What is data validation?
It’s the automatic process of determining the completeness of your data. For every field name – product ID, Case volume, case net weight, title, description, pack count, and image name – the PIM heightens data quality by reporting a percentage for what’s done and what needs further improvement. This vastly improves the efficiency of authoring and creating content. It ensures that all fields are set, prioritizing the data you want by delegating what fields are “required” or “optional.”
To go even further, here at Catsy, we value the ability to provide businesses a way to surpass expectations with absolutely robust product pages that outshine competitors.
Anyone can provide complete product information and data quality, right?
But a good PIM automates all the bottom-line criteria, freeing your time to go above and beyond in enhanced content, beautiful digital assets. and content marketing material, and maximize all the optimization tactics.
Automation
First of all, there no need to manually check for errors. PIM takes each nugget of product information as it enters the systems and automatically cleans it up, standardizes it, so on, as we mentioned before.
Furthermore, PIM’s workflow feature automates the process of preparing product content with absolute data quality.
This is remarkable for two things. Firstly, team members can work together using the same data – no inconsistencies there. Second, there’s more productivity abound due to being connected by an automated workflow on PIM, which maintains data quality, easy collaboration, and transforms into high-quality product content.
Digital Asset Metadata
When paying attention to product data, never leave out your digital assets. The metadata of your digital is equally important to manage.

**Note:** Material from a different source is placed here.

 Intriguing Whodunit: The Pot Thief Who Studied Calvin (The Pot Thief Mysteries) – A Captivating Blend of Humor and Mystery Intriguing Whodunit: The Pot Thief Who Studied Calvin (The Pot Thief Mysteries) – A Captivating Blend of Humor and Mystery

In many cases, overseeing digital asset data can be even more challenging. Companies tend to manage assets separately from other product information. In effect, the silo leads to inefficiencies when uniting them on the product page.
If this sounds like you, you could be missing out on the benefits of high-quality digital asset metadata organization.
PIM’s included DAM features ensure excellent data quality when it comes to digital assets.
By organizing digital assets by tags, PIM groups them by related keywords. Internal users can find assets quickly with tags and metadata. For example, they can filter and search for digital assets by location, time created, product type or collection, type of asset, and creation information.
The availability of this data empowers team members.
Digital assets are tricky because they can add up quickly and departments may mix them up or lose sight of them. by managing metadata on PIM, you optimize for high search engine rankings, improve the findability of assets, and propel teams into efficient work with automatic media transformation. Image size, type, and aspect ratios are all data that PIM organizes.
PIM Destroys Silos
The dreaded data siloing. It’s perhaps the most elusive of threats to your product data.
Every company starts fine. Things go smoothly when sending information and assets between departments and external partners. Perhaps there are initially only a few employees, and the business is just gaining traction.
However, dare to scale, dare to fail (or at least, blow off your potential).
When businesses don’t address the divisions between their many parts from the very beginning, it falls apart eventually. Once you get to a place where you’re managing tens or hundreds of products, executives are busy with orders, and managers are attempting to streamline product content. Maintaining raw data quality becomes a challenge.
Different departments have access only to their respective set of data. Over time, product informed becomes rife with inconsistencies, data errors here and there, reused data that’s out-of-date, and so on. Who knows if all teams have access to the right, latest information? Across-the-board, data siloing is the enemy of productivity.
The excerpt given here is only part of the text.